Fastie Systems
- Essays

Protecting Email Addresses on Your Web Site

You probably know by now that the bad email guys out there get many of the email addresses they use by harvesting them from sites on the Web.  "Bots" constantly roam the Web, reading Web sites and looking for anything that resembles an email address. The simplest attack looks for MailTo links in the HTML code of a page but, importantly, text email addresses like nomail@ptcto.com will be found.

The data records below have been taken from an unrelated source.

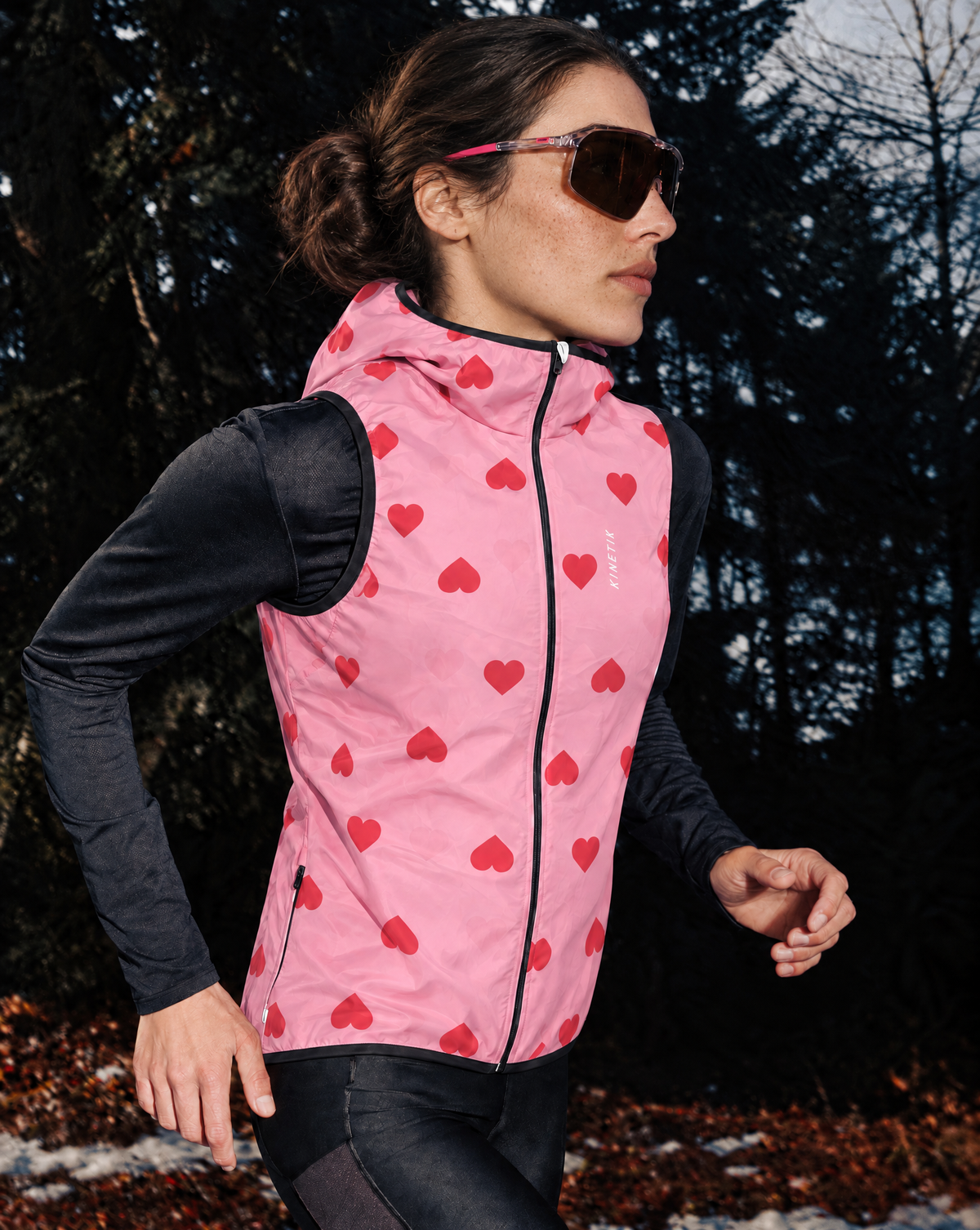 Vestes-sans-manche-trail-running-SPEKTRAIL-SL-WOMEN-HEARTRUNNEUSE-ROSY-1-kinetik
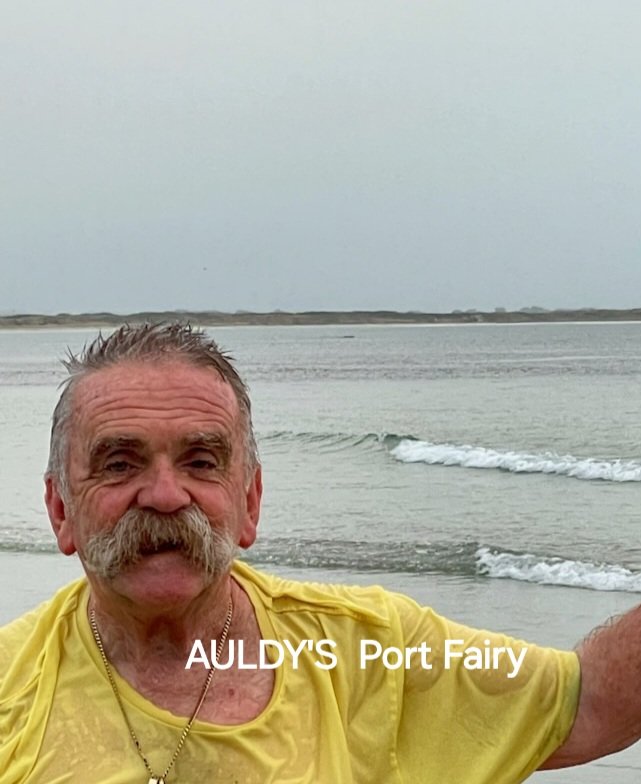 auldtim's tweet photo. Amazing to have a whale for company for the daily ritual swim East Beach .. Port Fairy.. #lucky #whale #greattobealive #coffee #auldys https://t.co/FaqrvVmAWJ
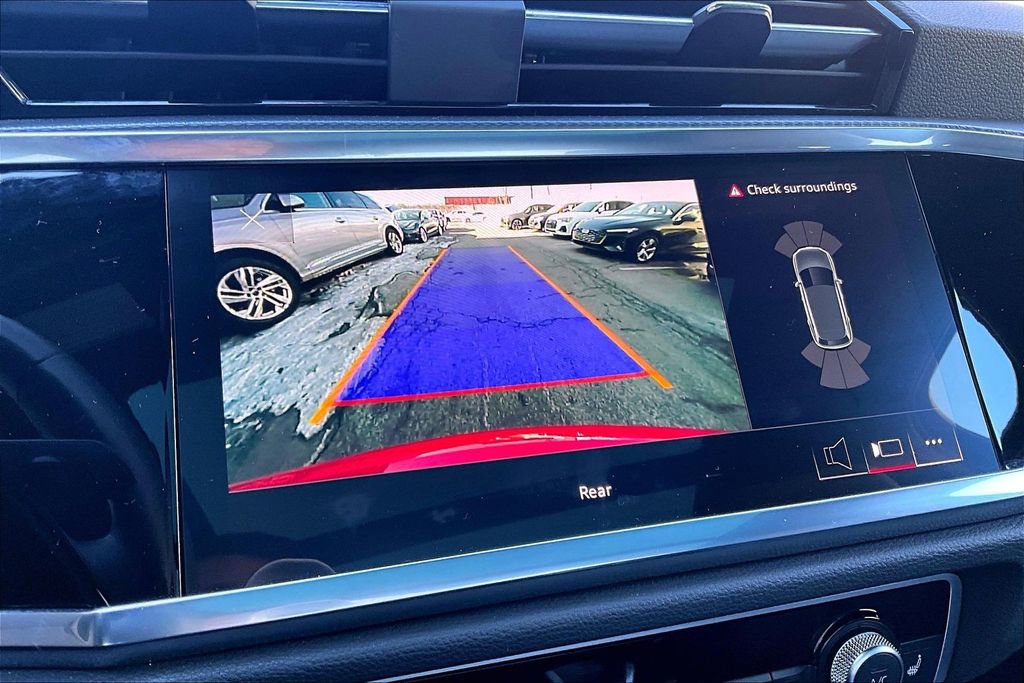 Used 2023 Audi Q3 2.0T Premium w/ Black Optic Sport Package image 14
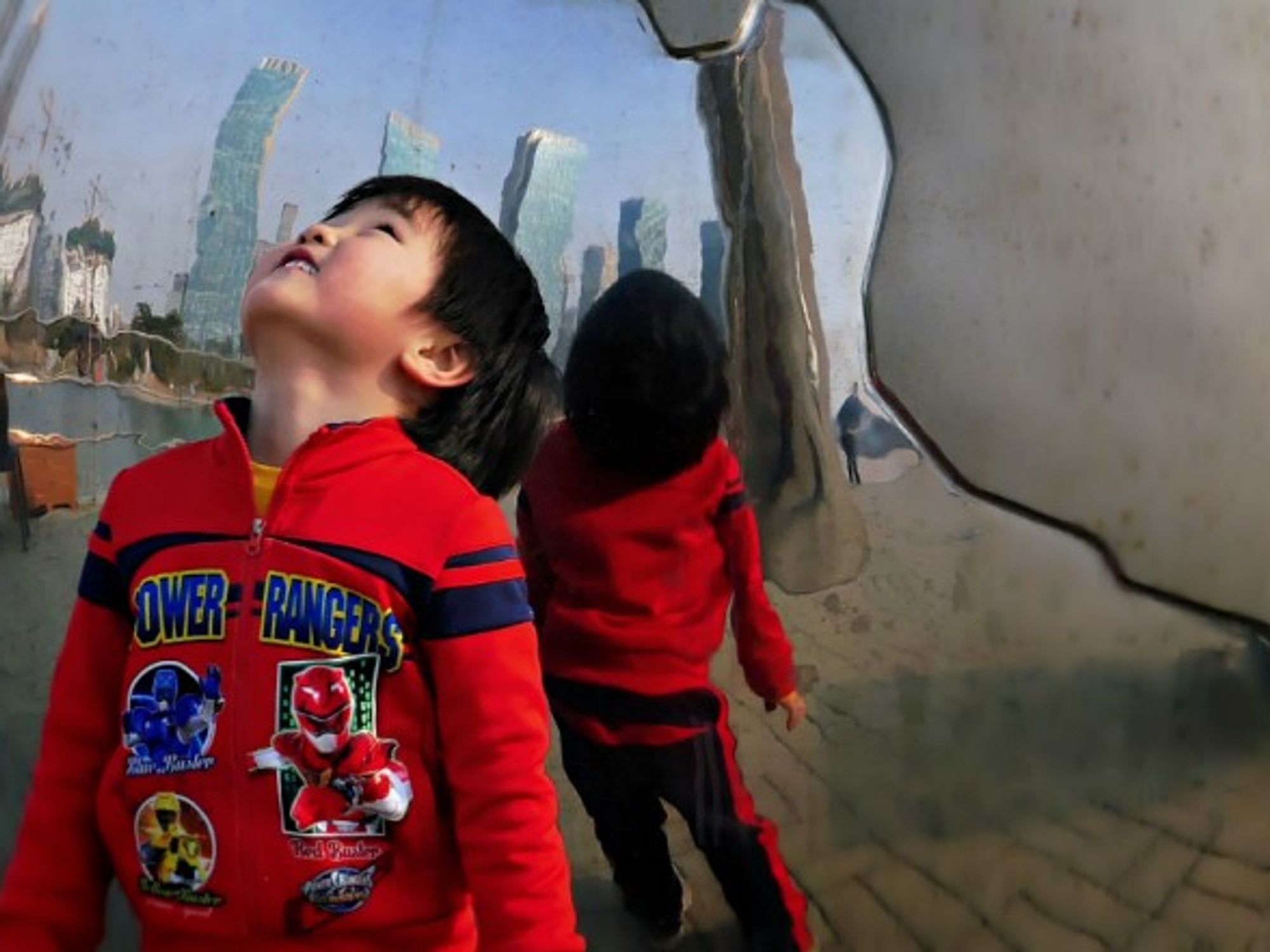 Looking up in Songdo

To avoid this problem, many Web site authors have eliminated MailTo links and any text using the email address format. A common technique is to create a small image containing an email link, like this one (it looks like text, but try to put your cursor in it):

A simple text technique is to eliminate the commercial at sign (@). You'll see addresses like "nomail at ptcto.com" or "nomail [at] ptcto.com." The first example illustrates the fatal flaw of this approach, which is that if everyone started using the technique the bots would quickly be adapted to assume that "nomail at ptcto.com" was simply another valid form of email address. Thus the second example tries to be different than the basic approach but again, if it was widely adopted it would simply become another valid form.

"Live" or "hot" email links on a Web page are a great convenience to site visitors. The techniques above eliminate the convenience. However, there are ways to provide hot MailTo links while befuddling the bots.

Dan Benjamin, formerly of Automatic Labs and HiveWare, has created an online application called Enkoder. Enter an email address and Enkoder will create a chunk of Javascript that contains an encrypted form of that email address. Plop this down in your HTML at the right spot and you're in business. If you look at the code, you'll see that no bot is likely to "dekode" this slug.

I learned about Enkoder from my old friend Brian Livingston, who among other things is the editor of the superb Web site and newsletter WindowsSecrets.com. He wrote the eBook "Spam-Proof Your E-Mail Address", which I own and can recommend.

I like the Benjamin's approach but the code is big and ugly, making a mess of the HTML in your pages. Here's a simple JavaScript technique I developed to accomplish more or less the same thing while leaving the MailTo link readable and reasonably easy to change.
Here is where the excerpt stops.